- [PROVIDED RECORDS]
--- START ---
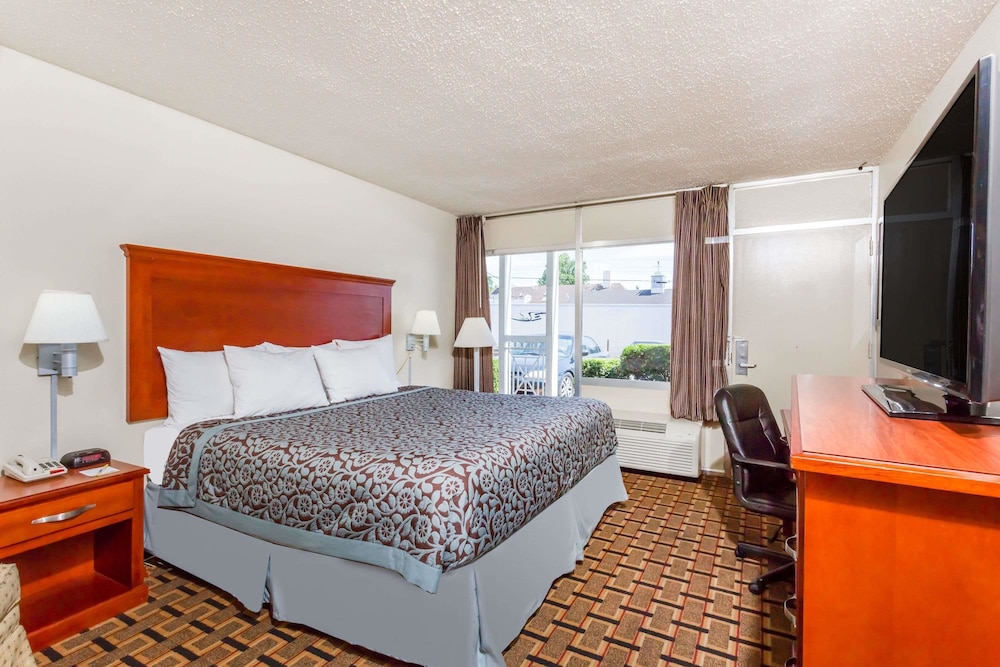 Days Inn By Wyndham Charlottesville/University Area 9/43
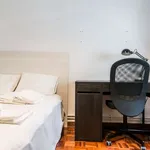 Rent a room of 100 m² in madrid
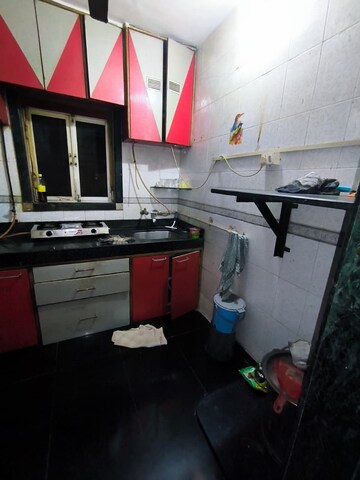 Team Area in 2 BHK Apartment at Pestom Sagar Colony, Chembur – for Rent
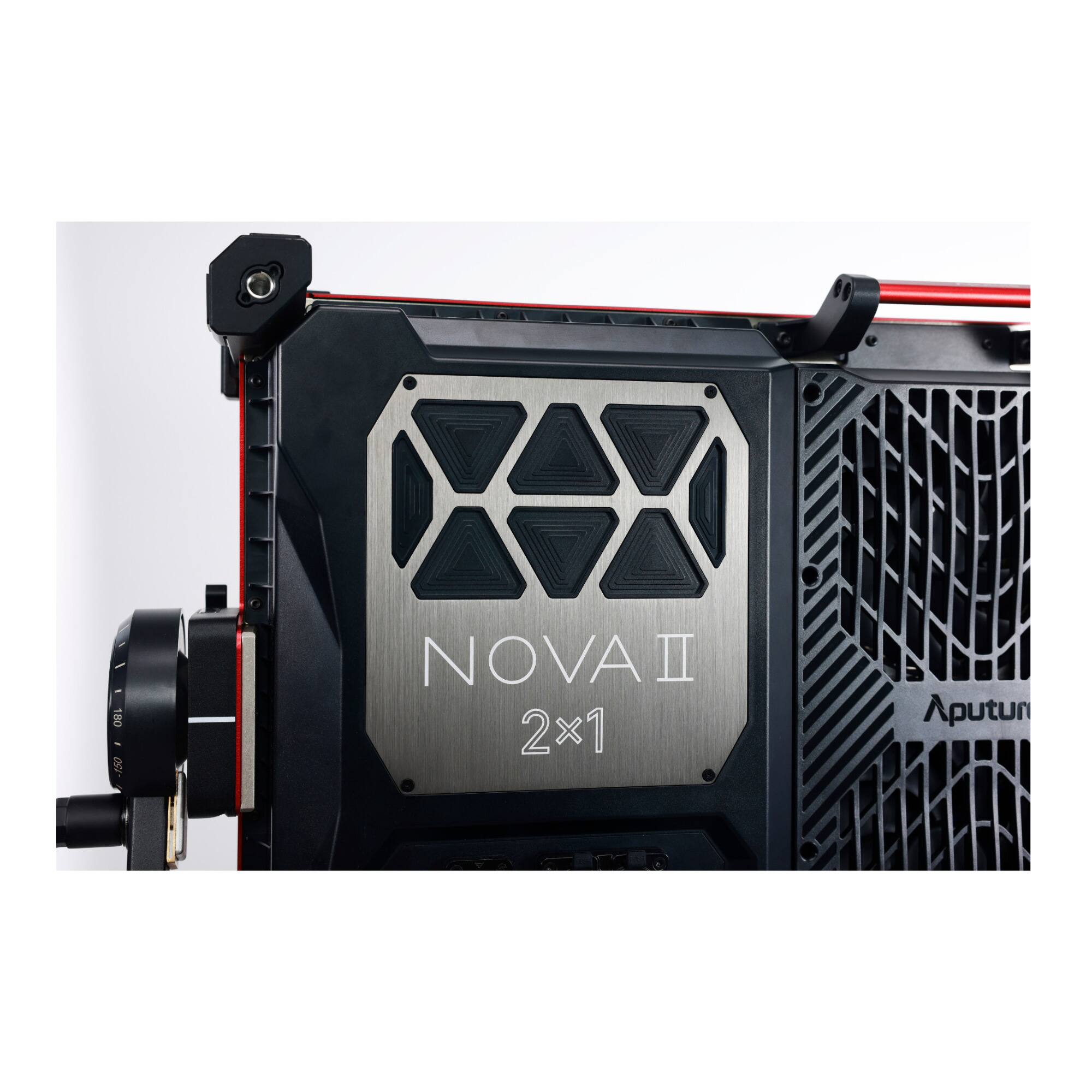 180 - 150 NOVA II 2x1 Aputure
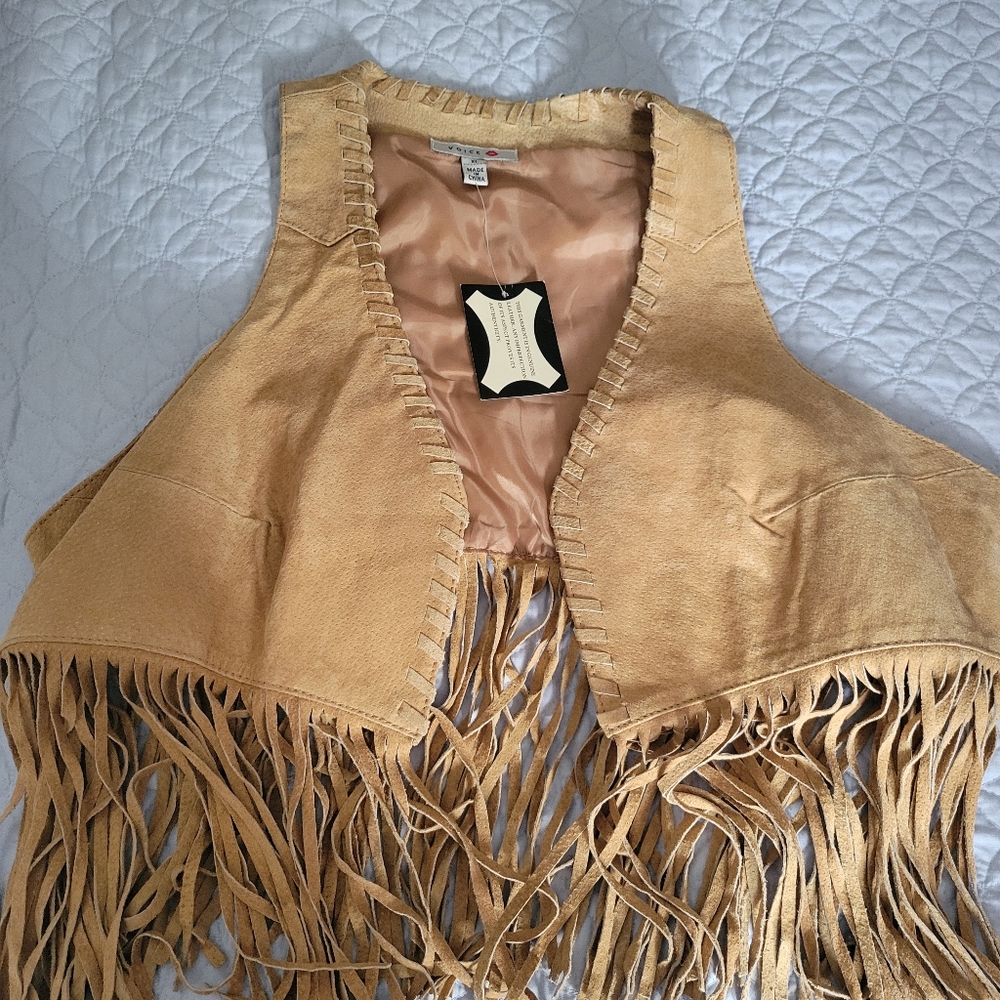 Boho Fringe Tan Vest- tag says XL but fits more like a s/n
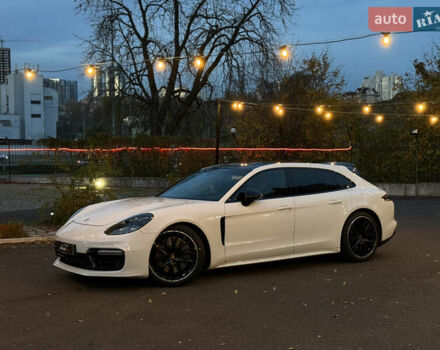 Белый Порше Панамера, объемом двигателя 2.89 л и пробегом 91 тыс. км за 65000 $, фото 1 на Automoto.ua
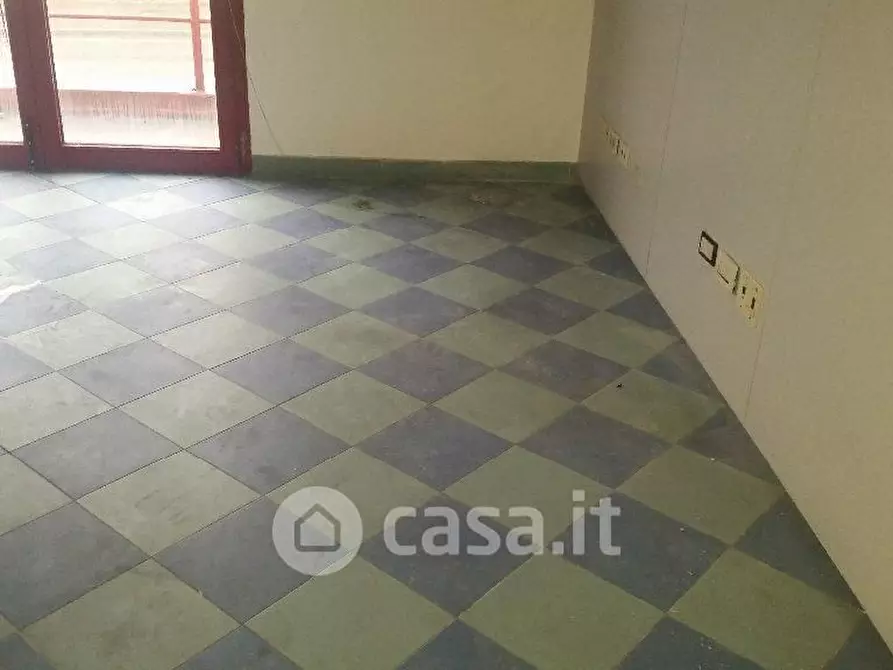 Immagine 4 di Ufficio in vendita  a Livorno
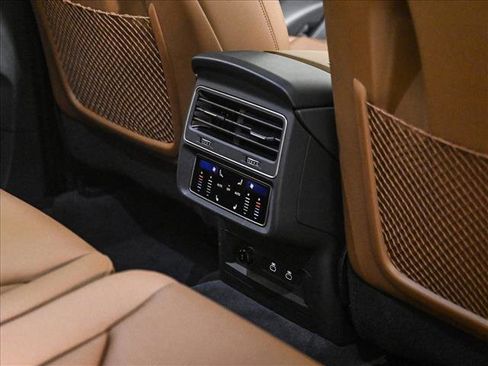 Certified 2025 Audi Q7 2.0T Premium Plus w/ Premium Plus Package image 18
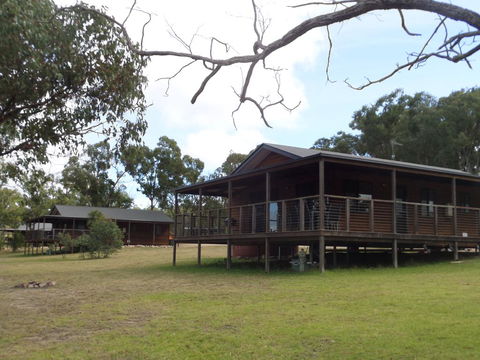 Sommerville Valley Tourist Park & Resort - Palm Beach Accommodation 3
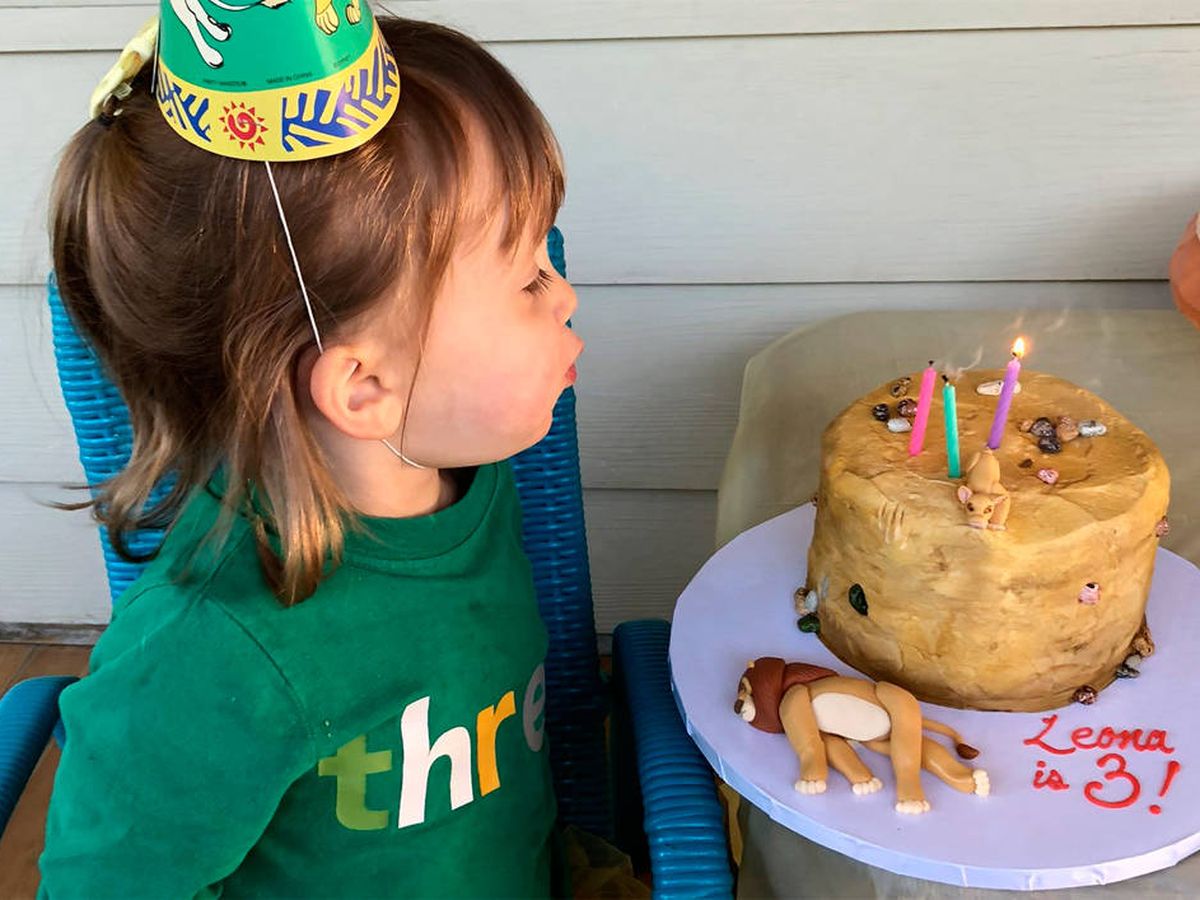 Foto: La pequeña, soplando su peculiar tarta de cumpleaños con Mufasa yaciente (Twitter)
--- END ---
- [EXERCISE REQUIREMENTS]
Nothing but the lines from the one containing "Белый Порше Панамера, объемом" through the final line of the records, both included and copied exactly, should appear in the answer; pictures stay out.

- [RESULT OF THIS EXERCISE]
 Белый Порше Панамера, объемом двигателя 2.89 л и пробегом 91 тыс. км за 65000 $, фото 1 на Automoto.ua
 Immagine 4 di Ufficio in vendita  a Livorno
 Certified 2025 Audi Q7 2.0T Premium Plus w/ Premium Plus Package image 18
 Sommerville Valley Tourist Park & Resort - Palm Beach Accommodation 3
 Foto: La pequeña, soplando su peculiar tarta de cumpleaños con Mufasa yaciente (Twitter)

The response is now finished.